Coordinate switch: If $(a,b)$ lies on $y=f(x)$, then $(b,a)$ lies on
$y=f^{-1}(x)$.
Intersection property: If $f$ is increasing, then $f$ and $f^{-1}$ may intersect
only on the line $y=x$. Therefore, to find their intersection points, it is enough to solve
$$f(x)=x.$$
Self-inverse functions: A function is called self-inverse if $f^{-1}=f$.
Then
$$(f\circ f)(x)=x,$$
and its graph is symmetric about $y=x$.
EXAMPLE 5 (Graph of an Inverse)
If
$$f(x)=x^2,\qquad x\geq 0,$$
then
$$f^{-1}(x)=\sqrt{x}.$$
Their graphs are reflections of each other in the line $y=x$.

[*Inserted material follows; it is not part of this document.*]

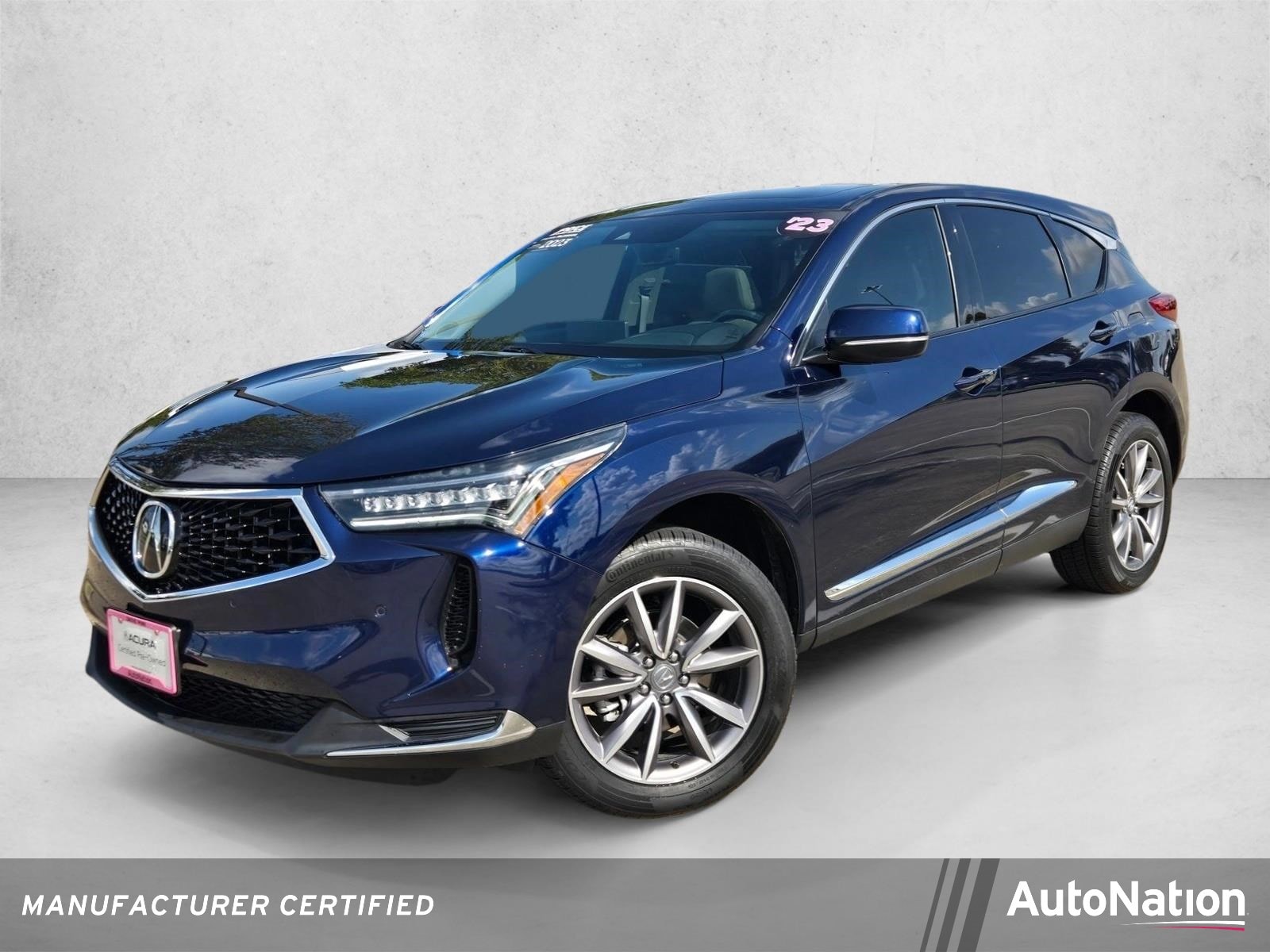 Certified Pre-Owned 2023 Acura RDX w/Technology Package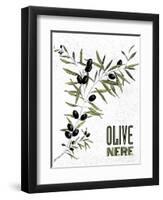 Olive Nere-Linda Baliko-Framed Art Print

Since $f$ is increasing on $x\geq 0$, the intersection points of $f$ and $f^{-1}$ lie on $y=x$.
Solve:
$$
\begin{aligned}
f(x)=x &\implies
x^2=x \implies
x^2-x=0 \implies
x(x-1)=0 \\
&\implies x=0\quad\text{or}\quad x=1.
\end{aligned}
$$
Therefore, the intersection points are
$$(0,0)\qquad\text{and}\qquad (1,1).$$
EXAMPLE 6 (Self-Inverse Function)
The function
$$f(x)=\dfrac{1}{x},\qquad x\neq 0,$$
is self-inverse because
$$f^{-1}(x)=\dfrac{1}{x}.$$
Hence,
$$(f\circ f)(x)=x.$$
4. Presupposition for $f^{-1}$: One-to-One Functions
For an inverse function to exist, the original function must be one-to-one.
This means different inputs must give different outputs:
$$x_1\neq x_2\quad\Longrightarrow\quad f(x_1)\neq f(x_2).$$
Equivalently, the contrapositive form is often more useful:
$$f(x_1)=f(x_2)\quad\Longrightarrow\quad x_1=x_2.$$
Graphically, a function is one-to-one if it passes the horizontal line test:
any horizontal line intersects the graph at most once.
EXAMPLE 7 (One-to-One vs Many-to-One)
Compare $f(x)=2x$ and $g(x)=x^2$.
For $f(x)=2x$:
$$
f(x_1)=f(x_2) \implies
2x_1=2x_2 \implies
x_1=x_2.
$$
Therefore, $f(x)=2x$ is one-to-one.
For $g(x)=x^2$, different inputs may give the same output:
$$g(2)=4,\qquad g(-2)=4.$$
Therefore, $g(x)=x^2$ is many-to-one on $\mathbb{R}$.
However, if the domain is restricted to $x\geq 0$, then $g(x)=x^2$ becomes one-to-one,
and its inverse is $\sqrt{x}$.